Lee

I remember the first time I heard the Dub Syndicate album, Tunesfrom the Missing Channel, in 1984. I was used to reggae being somethingearthy and warm, but here was a record that sizzled and popped with weirdsounds, synths, cut up spoken parts, and musical juxtapositions. I was hooked. I hold Adrian Sherwood and his On-U Sound Records label (founded in 1980) in high esteem, and I've always wanted to talk to him about his studio life. Sherwood's work with Tackhead, Dub Syndicate, African Head Charge, Creation Rebel, Mark Stewart, and so many others has changed the face of music. When he reunited with Lee "Scratch" Perry [see interview this issue] to produce the Rainford album, and its dub version, Heavy Rain, I finally got my chance to chat with him long distance.

Photo: Lee & Adrian in a still from the video for "Lies" by Sherwood & Pinch, ft. Lee "Scratch" Perry direction, edit, and effects by Sally Sibbet

 

I want to talk a little bit about your history. I got the impression that your early work was actually doing live sound system gigs inspired by the Jamaican style, right?

Sound systems? No. To be honest with you, I was a chancer.* I was a massive fan of reggae, James Brown, a lot of the black American funk and dance, Tamla [Berry Gordy's Motown], and everything as a kid. But then I became quite obsessed with reggae. I was lucky enough to get involved in the business through a Jamaican friend who worked for Pama Records in the '60s. I didn't really have a father; he was the person most like a dad to me, ever. He took me under his wing. Eventually I met musicians, cobbled together some releases, and started a little label. We went to do some shows; the first show was at the 100 Club, a famous club on Oxford Street in England.

Yep.

We had put together a band, all really last-minute, with Prince Far I, a legendary Jamaican DJ, chanting over the top. We were paying [for] a PA, and I was only maybe 19. I was leaning over to him and going, "More hi-hat! More bass! Turn up the vocal!" And he said, "Look, you do it! You do it!" He wasn't rude to me; he was like a chummy rock 'n' roll PA man. But we had a spring reverb, a [Roland] Space Echo or something, and he showed me, "There's the hi-hat, and there's that." I balanced it up, and put a little tiny effect on the snare and on the lead vocal. After the gig, people said, "Wow, that sounded amazing!" I think people had listened to it sound so badly [before]. I didn't know what I was doing! That was it.

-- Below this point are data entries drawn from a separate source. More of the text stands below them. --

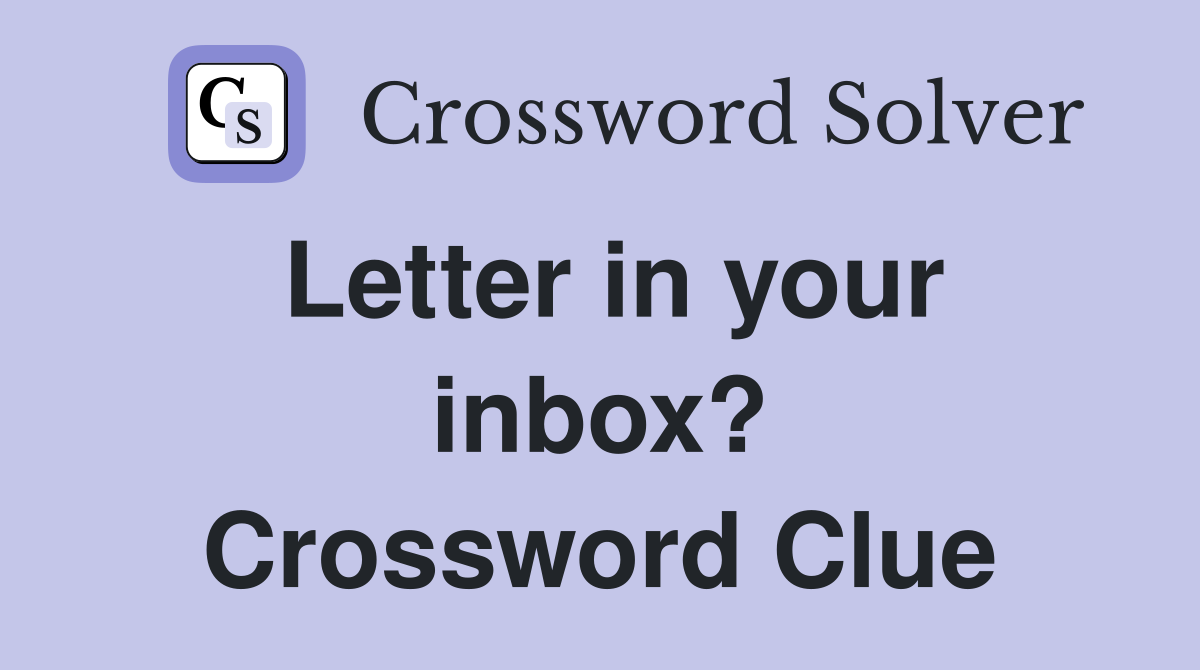 Letter in your inbox? Crossword Clue
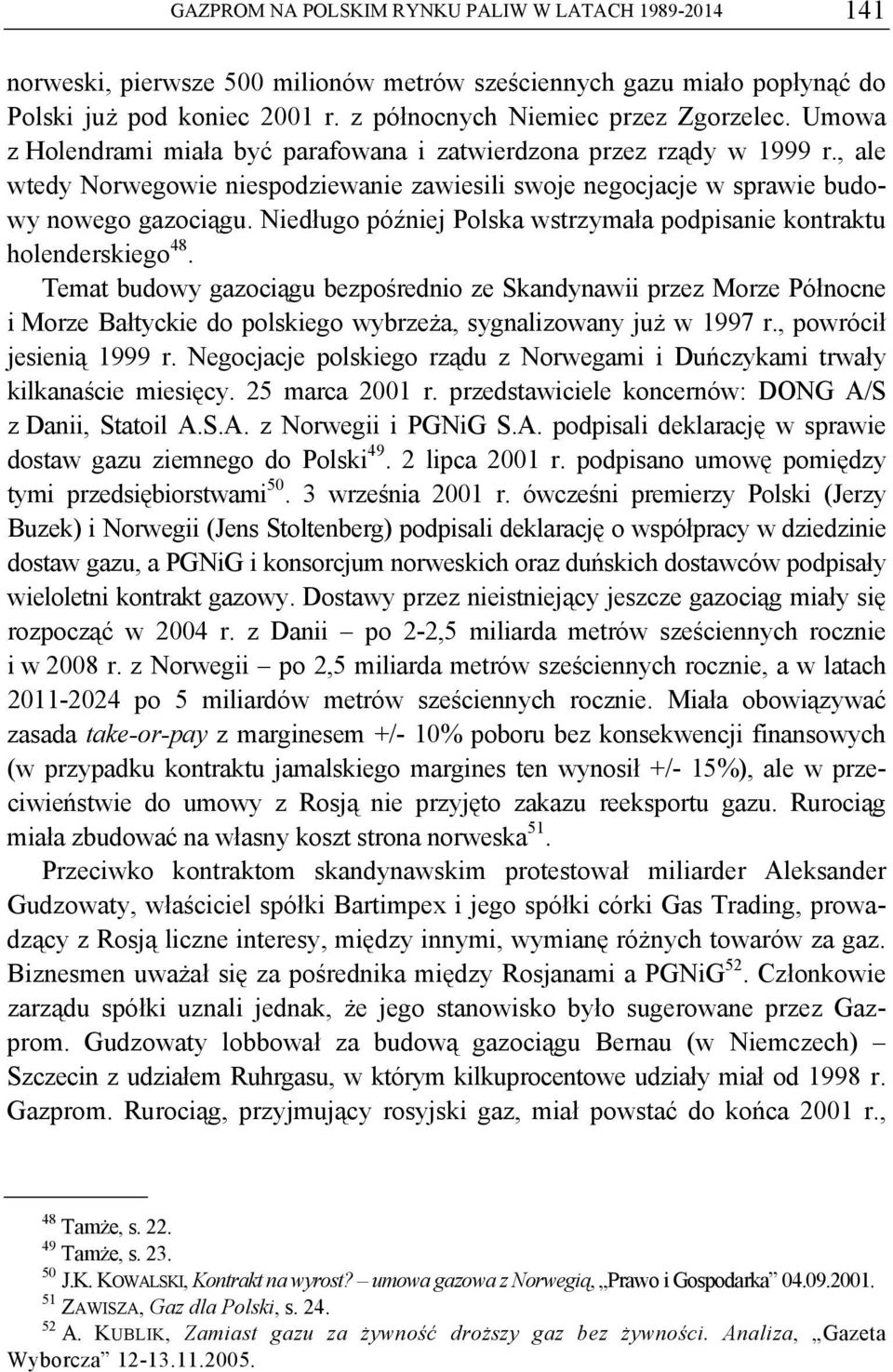 Niedługo później Polska wstrzymała podpisanie kontraktu holenderskiego 48.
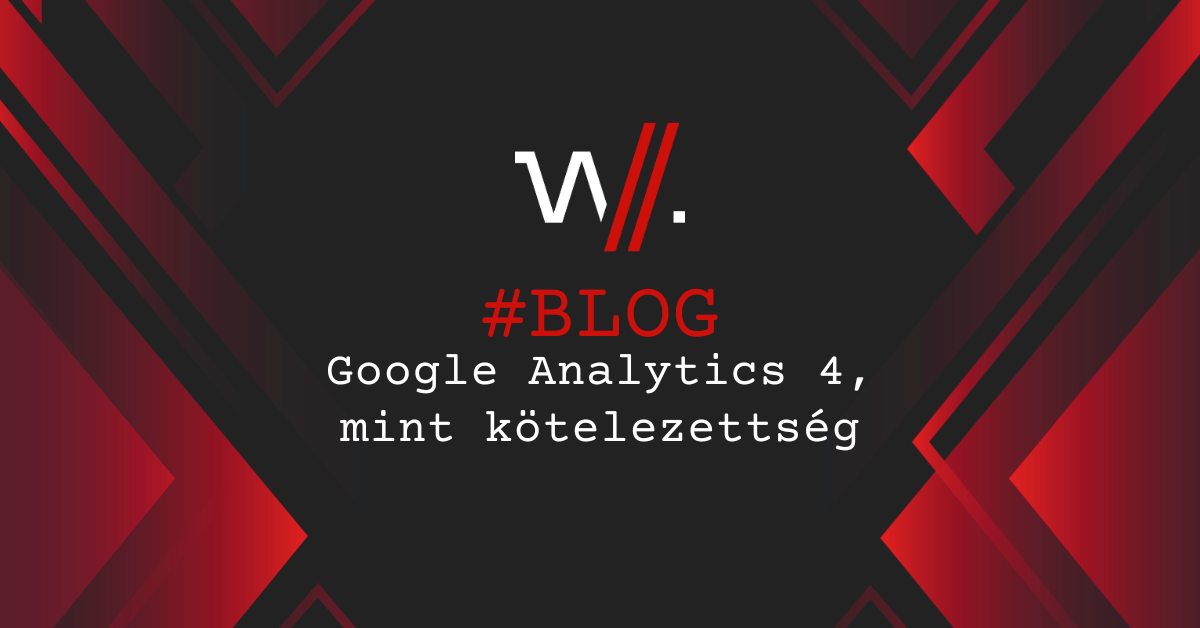 Google Analytics 4, mint kötelezettség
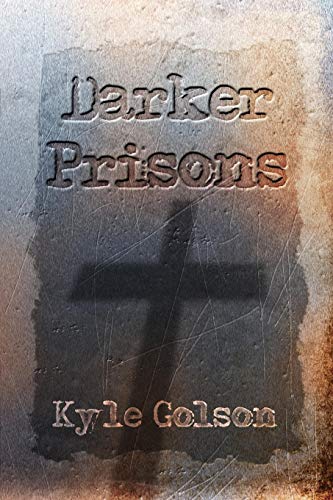 Darker Prisons - Kyle Golson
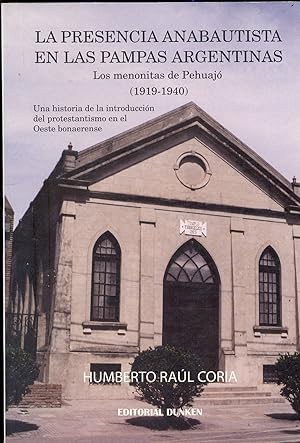 LA PRESENCIA ANABAUTISTA EN LAS PAMPAS ARGENTINAS. LOS MENONITAS DE PEHUAJÓ (1919 - 1940)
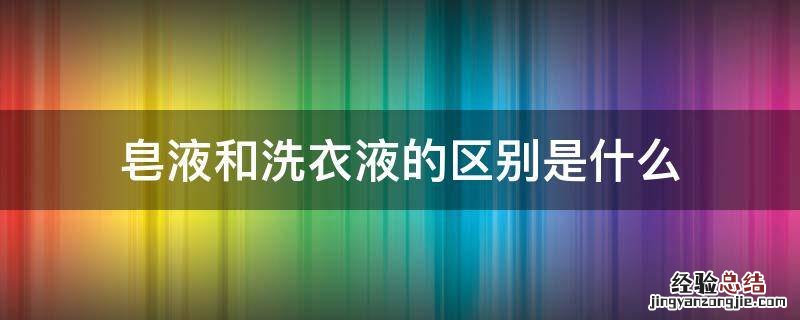 皂液和洗衣液的区别是什么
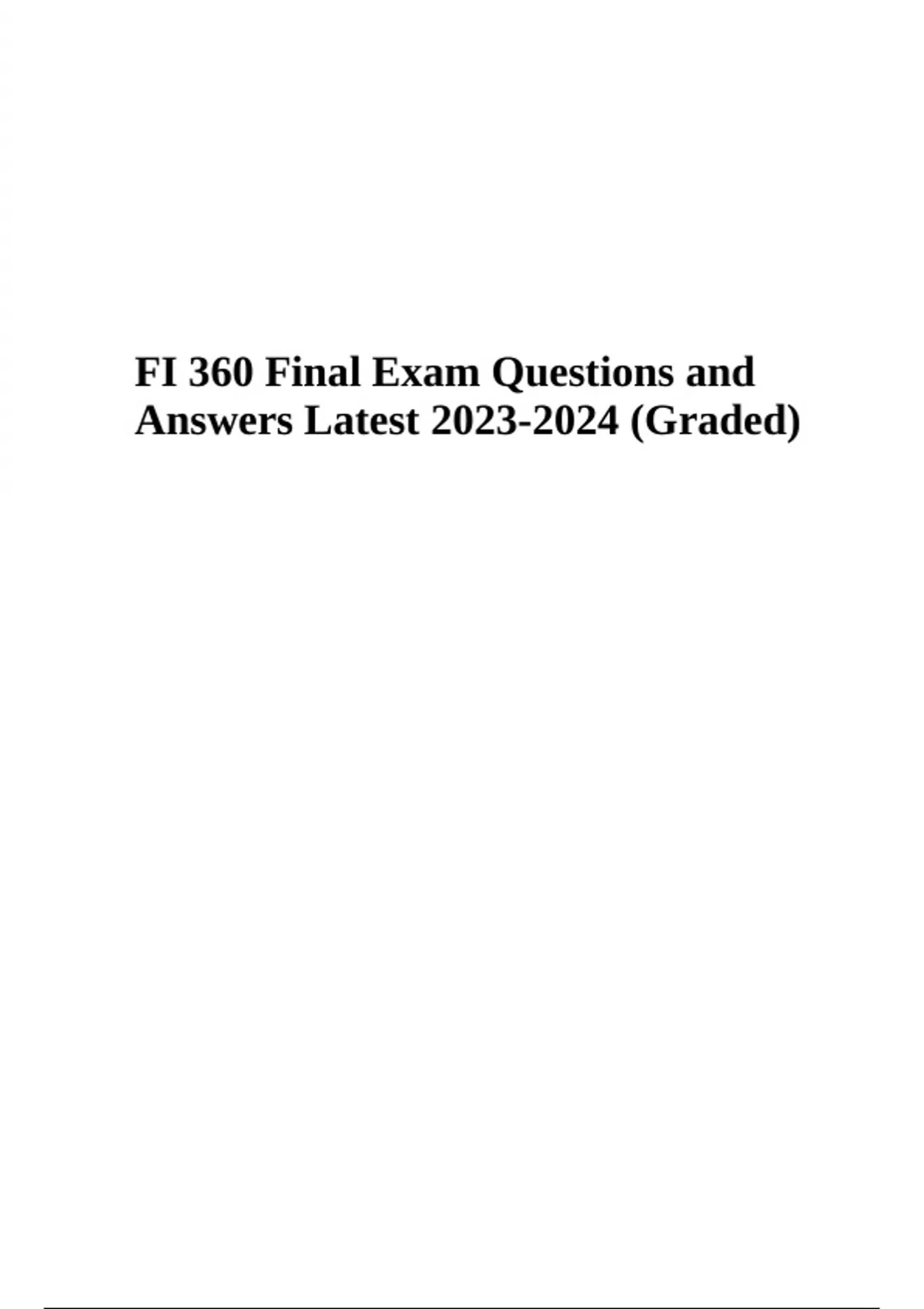 FI 360 Final Exam Questions and Answers Latest (Graded A+) & FI 360 ...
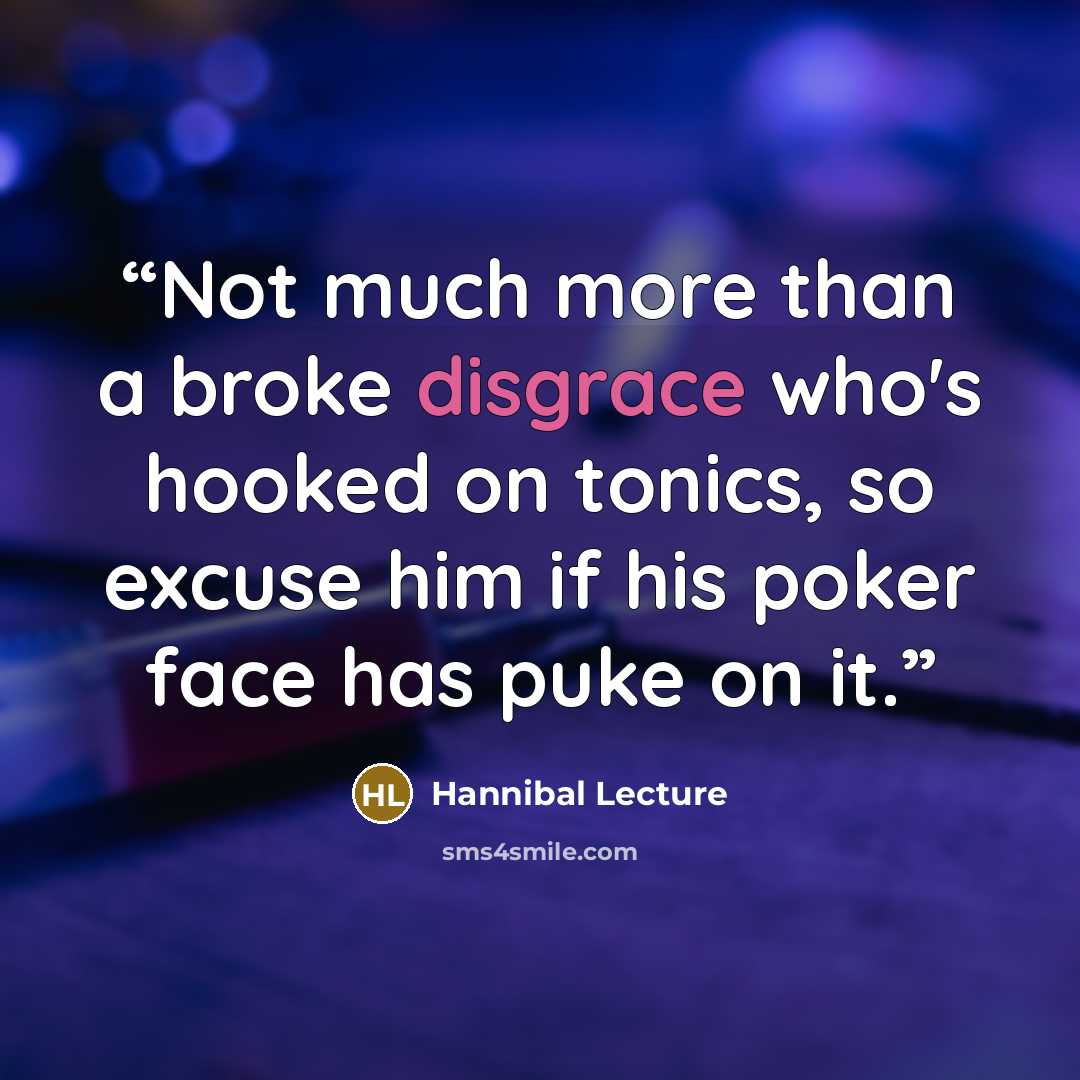 “Not much more than a broke disgrace who's hooked on tonics, so excuse him if his poker face has puke on it.” quote by Hannibal Lecture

You'd done releases? Had On-U Sound started before that?

No. I was involved as a junior partner in the Carib Gems label. Then I started the Hitrun label. After that came 4D Rhythms, and then On-U Sound at the end of 1980.

What were your first recording studio experiences?

My first studio one was through meeting artists. People always wanted me to run a session, and try and make some money however they could. I saved up. One of the people I was working for was called [Anthony] "Chips" Richards, who's a famous Jamaican character. He arranged for me to go into the studio with Dennis Bovell, who did The Slits, The Pop Group, and other records as well. I paid the musicians, and I hummed the bass lines to a bass player. I made an album called Dub from Creation [by Creation Rebel]. That was my first venture. I did it thinking, "Well, if I lose the 200 pounds I'm spending, it's not the end of the world. I'll have some fun!"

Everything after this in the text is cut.